§ **About this exercise**
Reproduce the data that follows character for character, but omit its pictures.

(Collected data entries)
───
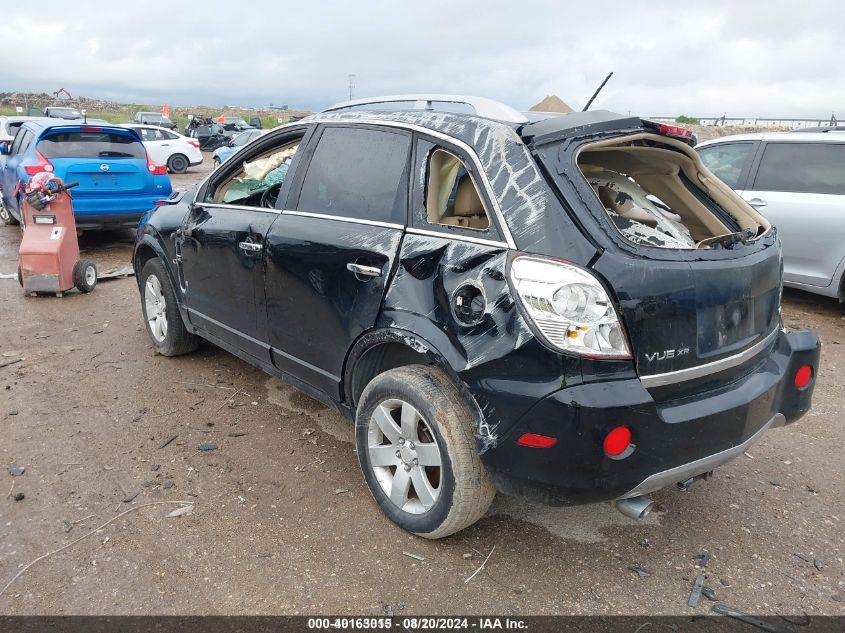 2008 Saturn Vue Xr VIN: 3GSCL53748S587161 Lot: 40163015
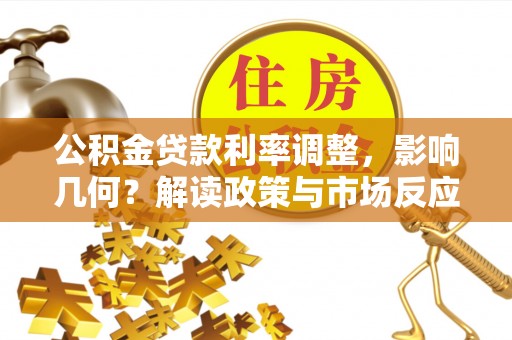 重庆公积金贷款利率调整，影响几何？解读政策与市场反应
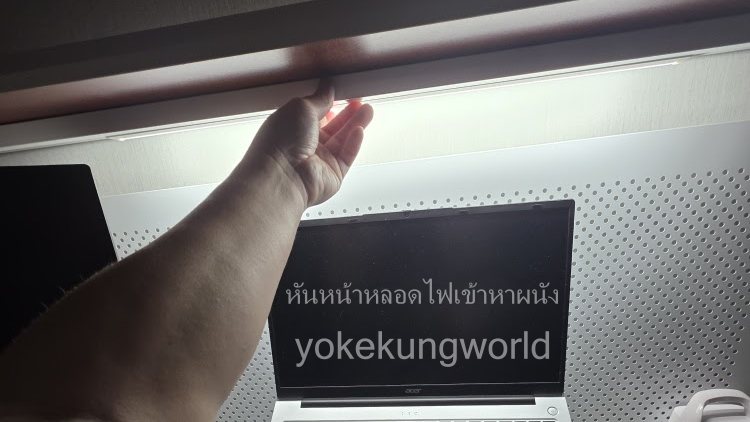 จัดโต๊ะคอม หันหน้าหลอดไฟเข้าหาผนัง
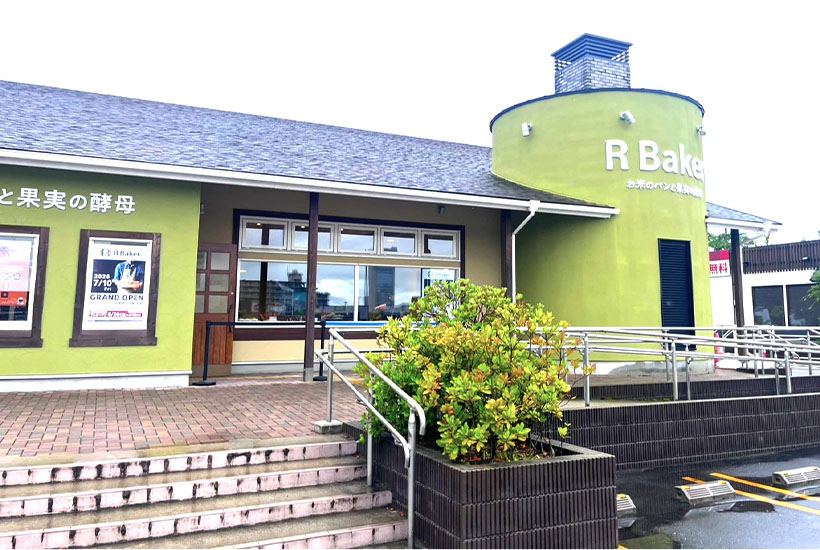 イートアンドHD、「R Baker」福島県へ初出店　郡山にグランドオープン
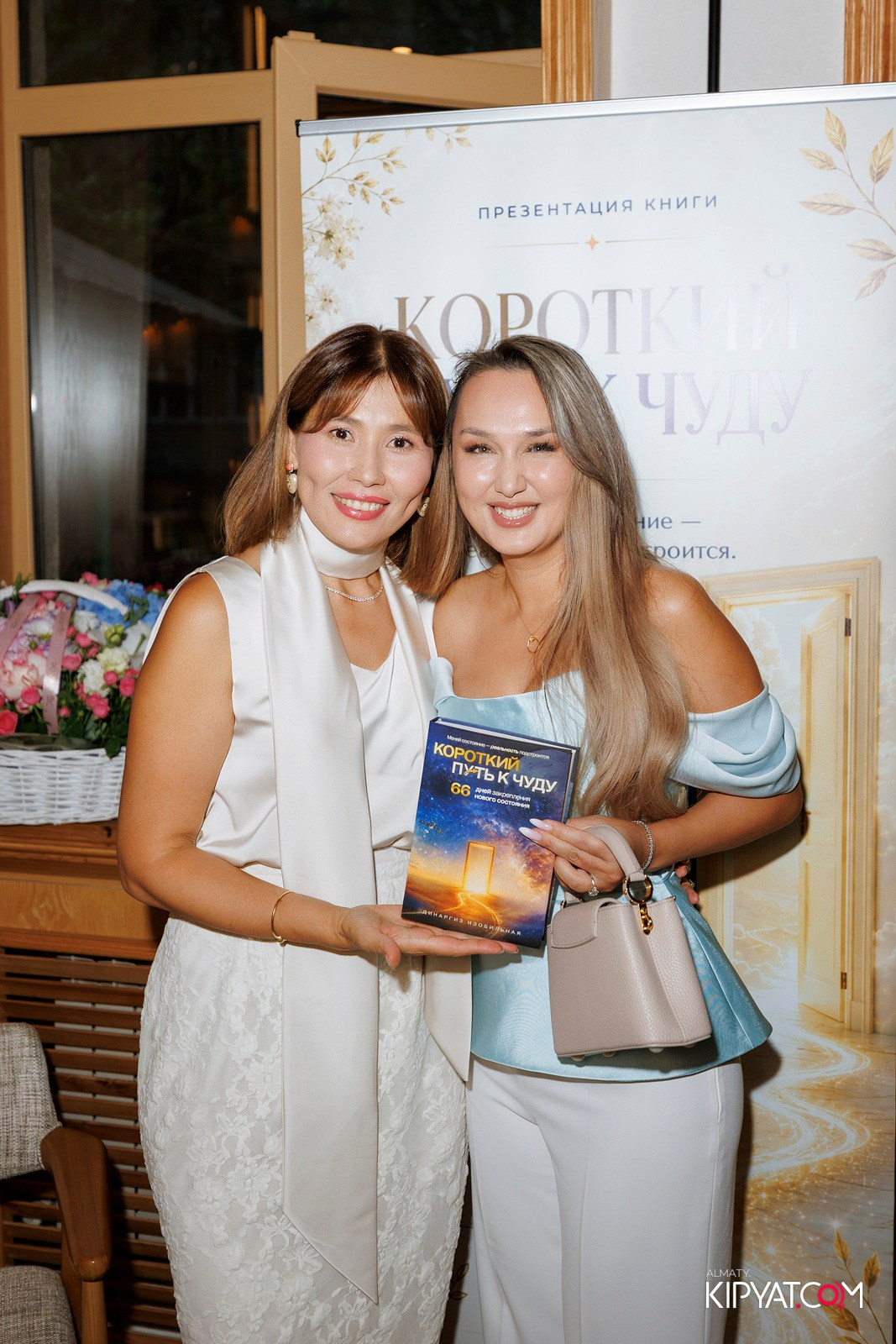 ПРЕЗЕНТАЦИЯ КНИГИ — КОРОТКИЙ ПУТЬ К ЧУДУ. КИПЯТКОМ АЛМАТЫ! Фотосъемка мероприятий в Алматы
───
§ **Reply**
 2008 Saturn Vue Xr VIN: 3GSCL53748S587161 Lot: 40163015
 重庆公积金贷款利率调整，影响几何？解读政策与市场反应
 จัดโต๊ะคอม หันหน้าหลอดไฟเข้าหาผนัง
 イートアンドHD、「R Baker」福島県へ初出店　郡山にグランドオープン
 ПРЕЗЕНТАЦИЯ КНИГИ — КОРОТКИЙ ПУТЬ К ЧУДУ. КИПЯТКОМ АЛМАТЫ! Фотосъемка мероприятий в Алматы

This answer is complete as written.